Like all noble arts, reviewing is at its heart a craft, one in which a uniquely personal impulse is worked over and given shape within the boundaries of formal constraints. Those constraints vary by the critic, of course, but the chief responsibility is a clear constant: to justify his or her subjective response to a work through the artful presentation of objective evidence.
That's not a controversial opinion. Few critics mistake their subjective opinion for universal truth, and the ones that do are either John Simon or the amateur armies over at Amazon, for whom every media product is either a five-star masterpiece or a one-star disaster.
And then there's Zoe Williams, who reviews TV for the (British) Guardian. Last week she took on the daft and dopey BBC Dickens spoof The Bleak Old House of Stuff with all the gusto of Gallagher taking on a watermelon. Her piece is a thorough demolishing - and an honest one distinguished by her wit and a painful rundown of the show's worst jokes. (She excluded the jokes that worked, like the business of a wife promising her husband that she's wearing virtually nothing beneath her skirts, her underskirts, her sub-underpants, and on and on, but that's a point of taste.)
Some commenters on the site cheered her on, and Williams jumped into the comment thread, where she displayed every bit of the hubris and myopia that makes people hate critics. She actually wrote:
"Yeah. I'm with you. i don't think humour is subjective. I think some things are funny and some things aren't, and this wasn't, and people who think it was are misguided."

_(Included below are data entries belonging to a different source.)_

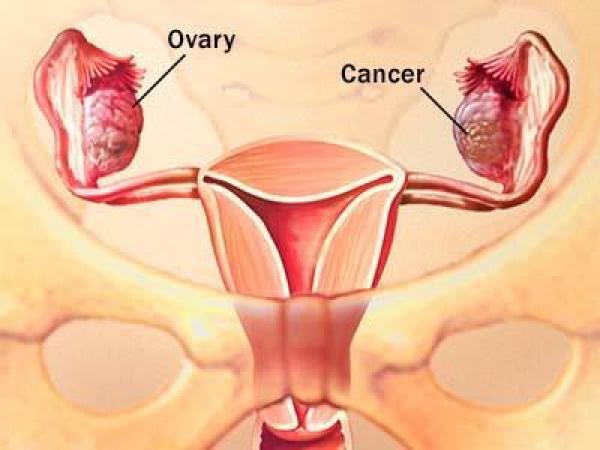 ovary cancer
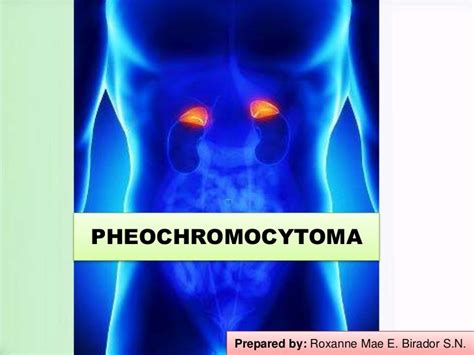Pheochromocytoma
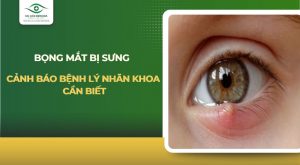 Bọng mắt bị sưng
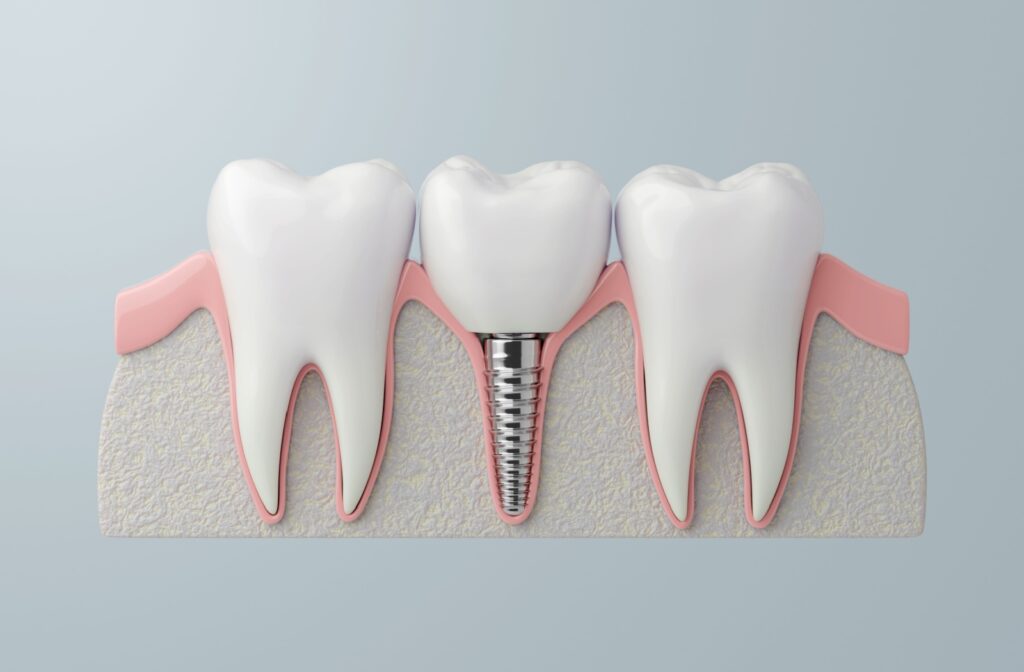 A model of 3 teeth showing below the gums with a dental implant in the middle of 2 natural teeth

You hear that, world? If you laugh at things that Zoe Williams doesn't laugh at, or if you enjoy a salad dressing that she disdains, or if you hug a Corgi when she's a cat person, you are misguided.

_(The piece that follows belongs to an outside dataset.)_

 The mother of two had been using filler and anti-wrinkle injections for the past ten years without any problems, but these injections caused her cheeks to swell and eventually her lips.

I'm not convinced that she's even a real critic at all. Instead, she seems to be a critic character dreamed up by some not especially talented novelist or playwright who has suffered some stinging reviews.
Thanks, Zoe Williams, for at the last minute clinching the award for dumbest statement by a critic said in 2011, which is impressive in a year that included Shawn Edwards praising the chipmunks as they call him a "jungle monster."
And, Christ, of course humor is subjective. If it wasn't, kids would find Artistophanes as hilarious as they do Adult Swim. At least in America we spell it the right way.